Top of Data shown

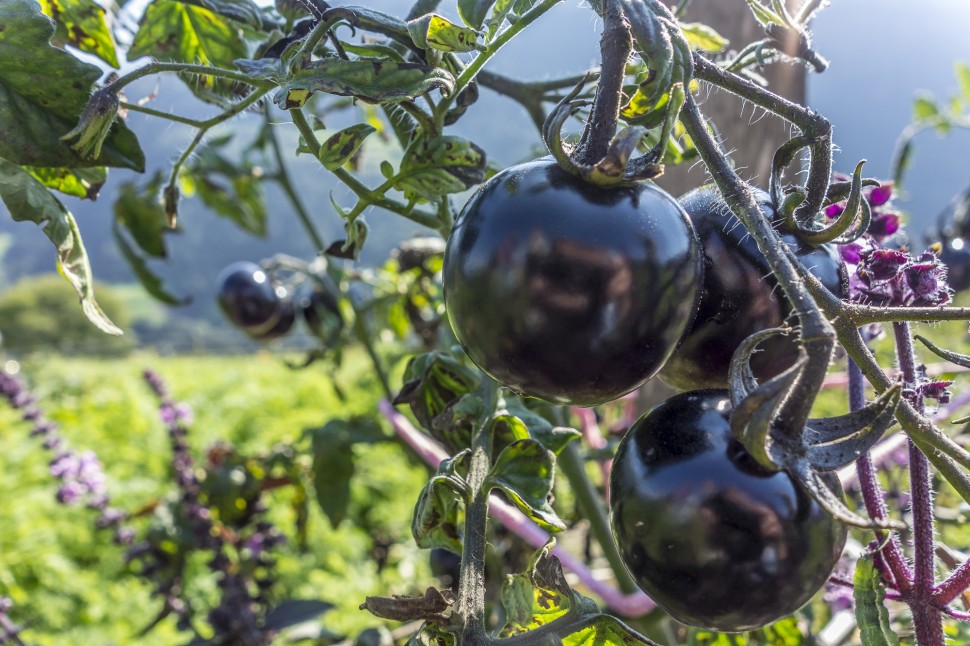 Schwarze-Tomaten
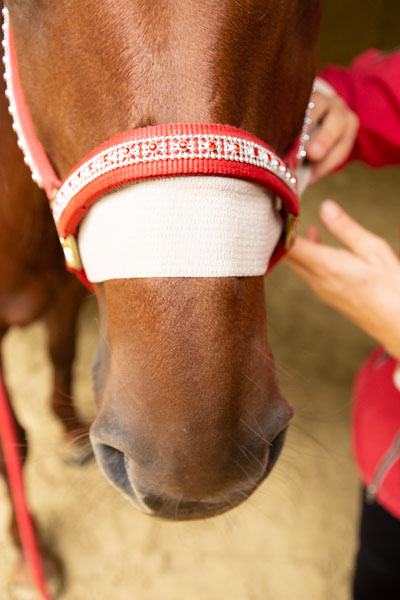 Anke Recktenwald Balance Pads Körperbänder Tellington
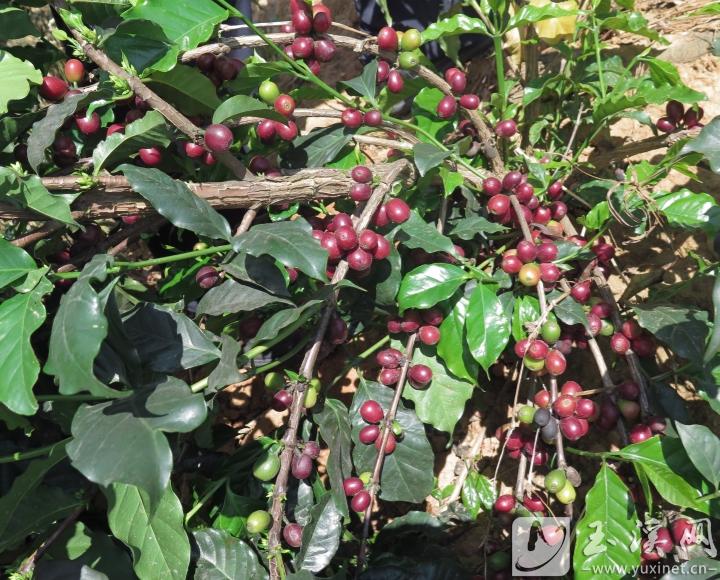 6_副本-1 6_副本-1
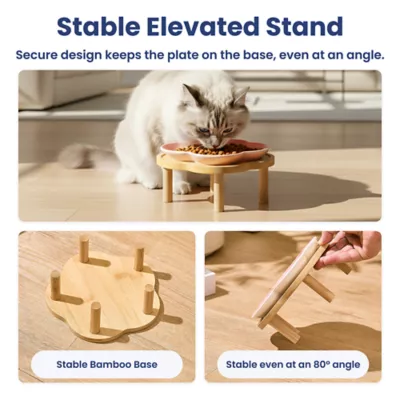PawsPik Cat Flower Ceramic Feeding Plate with Raised Bamboo Stand - Image 3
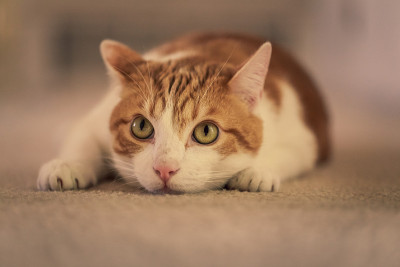 猫准备猛扑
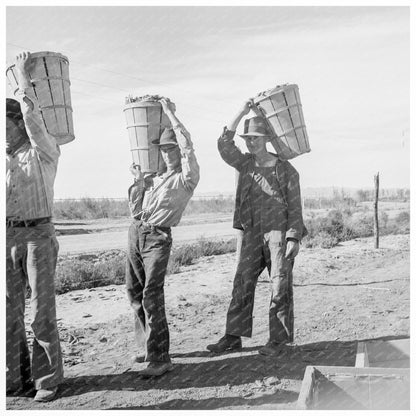 Pea Pickers Returning from Fields Imperial Valley 1939 - Available at KNOWOL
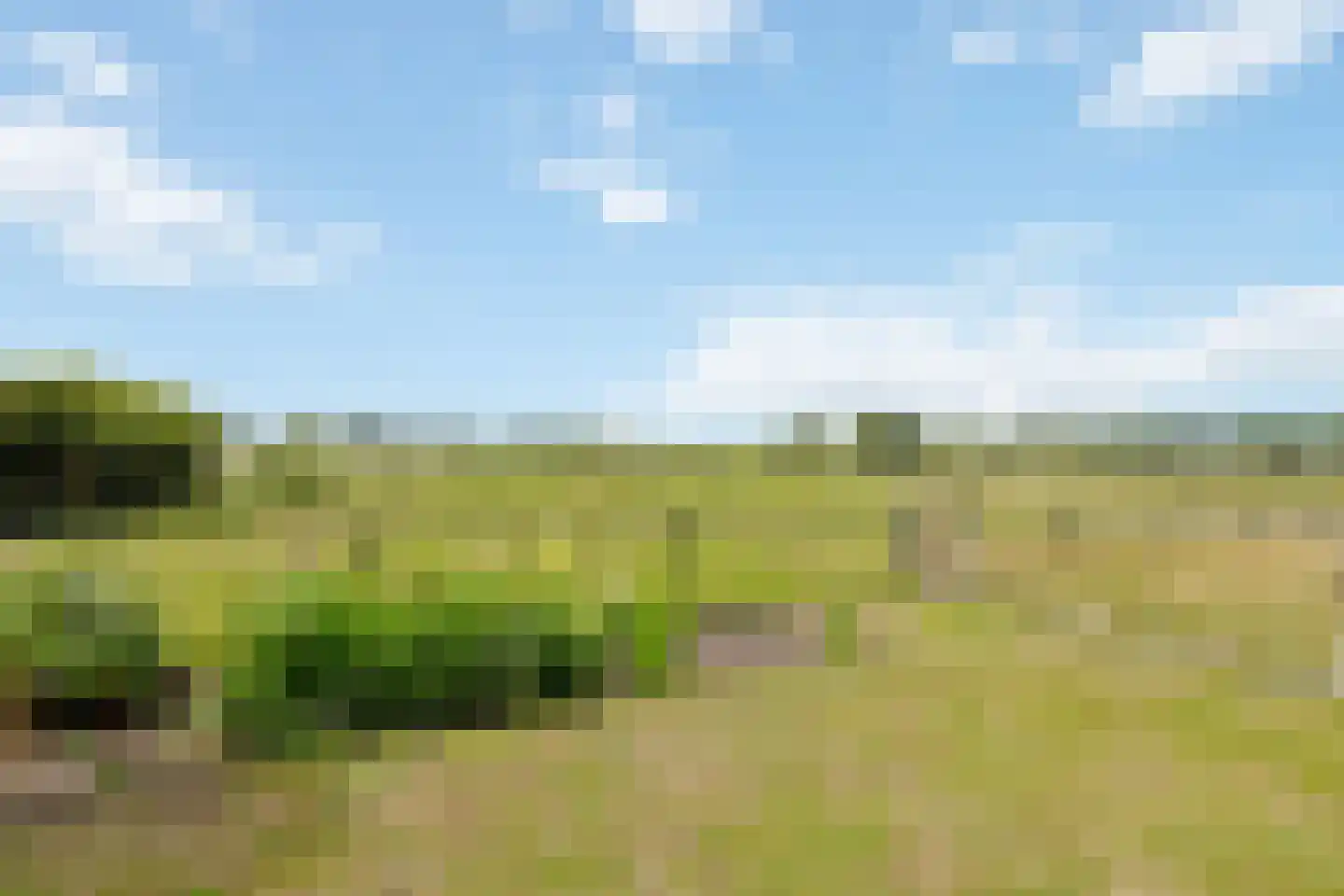 Looieind 30 Erp thumbnail 86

Bottom of Data shown

**Exercise directions**
Print exactly the lines from the one containing "Anke Recktenwald Balance" through the last line of the records, both included, and leave out the pictures.

**Exercise response**
 Anke Recktenwald Balance Pads Körperbänder Tellington
 6_副本-1 6_副本-1
PawsPik Cat Flower Ceramic Feeding Plate with Raised Bamboo Stand - Image 3
 猫准备猛扑
 Pea Pickers Returning from Fields Imperial Valley 1939 - Available at KNOWOL
 Looieind 30 Erp thumbnail 86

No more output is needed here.